Using sculpture, drawing, photographs, text, sound, video, and painting, Trisha Donnelly has composed this installation, her first solo museum exhibition in the United States, using works made between 1998 and 2007. In a breathtakingly spare gallery, 24 works of art are closely hung on a horizontal line. The works on display, which also include one sculpture and three different sound works, propose a reconfiguration of the past constructed from a rigorous, distinctly personal selection.

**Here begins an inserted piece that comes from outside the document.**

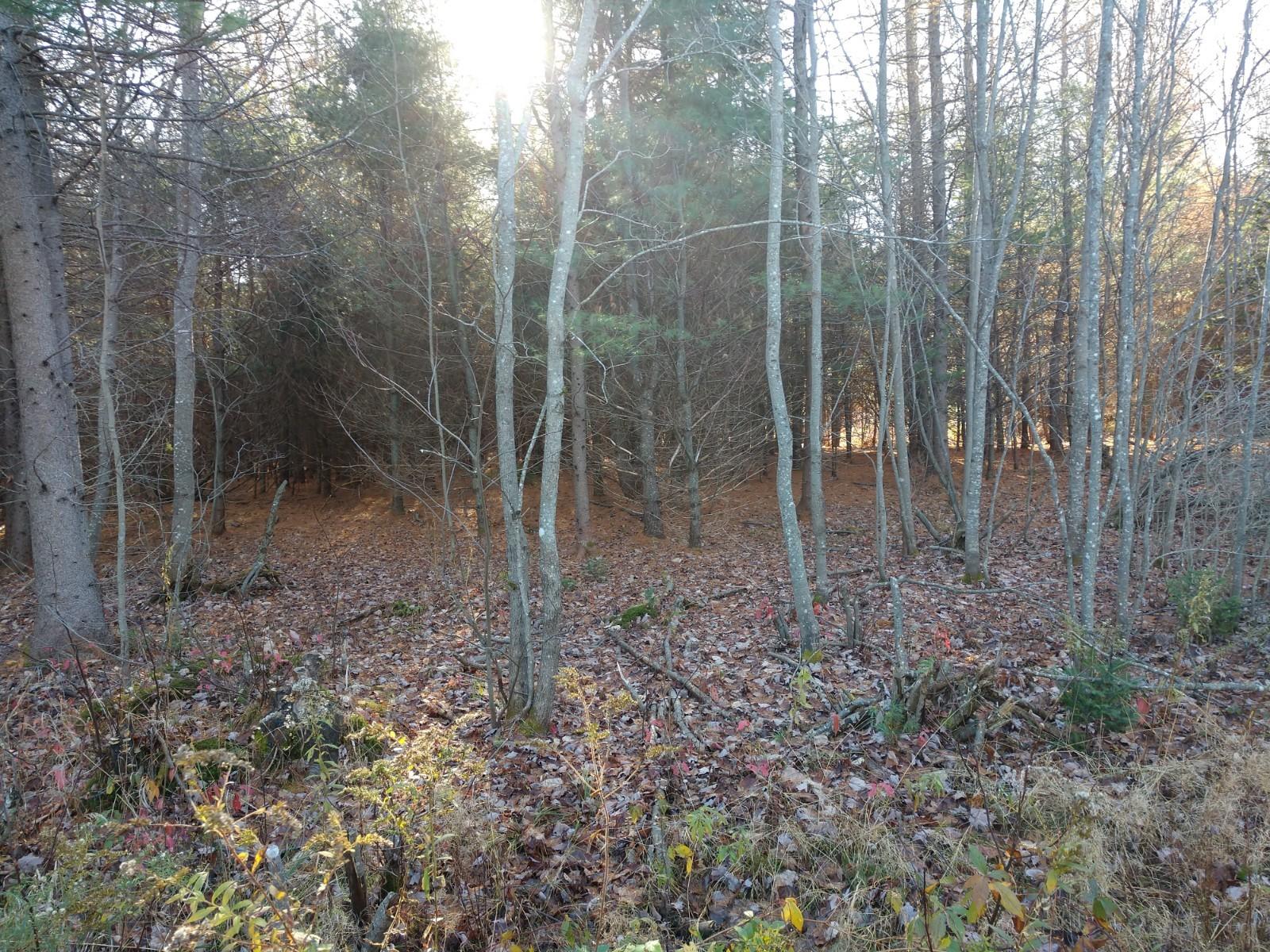 Lot 7 Emery Road Medford, ME 04463 - Photo 5 of 16 IMG_20191102_094836956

Trisha Donnelly’s ineffable body of work resists simple characterization. A lexicon of imagery and action relies on the power of suggestion: what precise, economical gesture can evoke a moment, a place, a feeling? How does sound create form? With a word, can the artist embed herself in our consciousness? These potent gestures are catalysts, and this is the crux of Donnelly’s work. What unite her media-diverse work are gestures of altered time, shifters, dimensional explorations, evocation, perception, and belief structures.
Time, literally and metaphorically, is a signature of Donnelly’s work: a drawing may request slowness, a sound piece may stretch a phrase interminably, a video presents an action in slow motion, a photograph freezes a turn of the torso. This pause generates shifts, fractures, and collapses in time, both in the present and in time’s historical reverberations. This exhibition, too, requests time.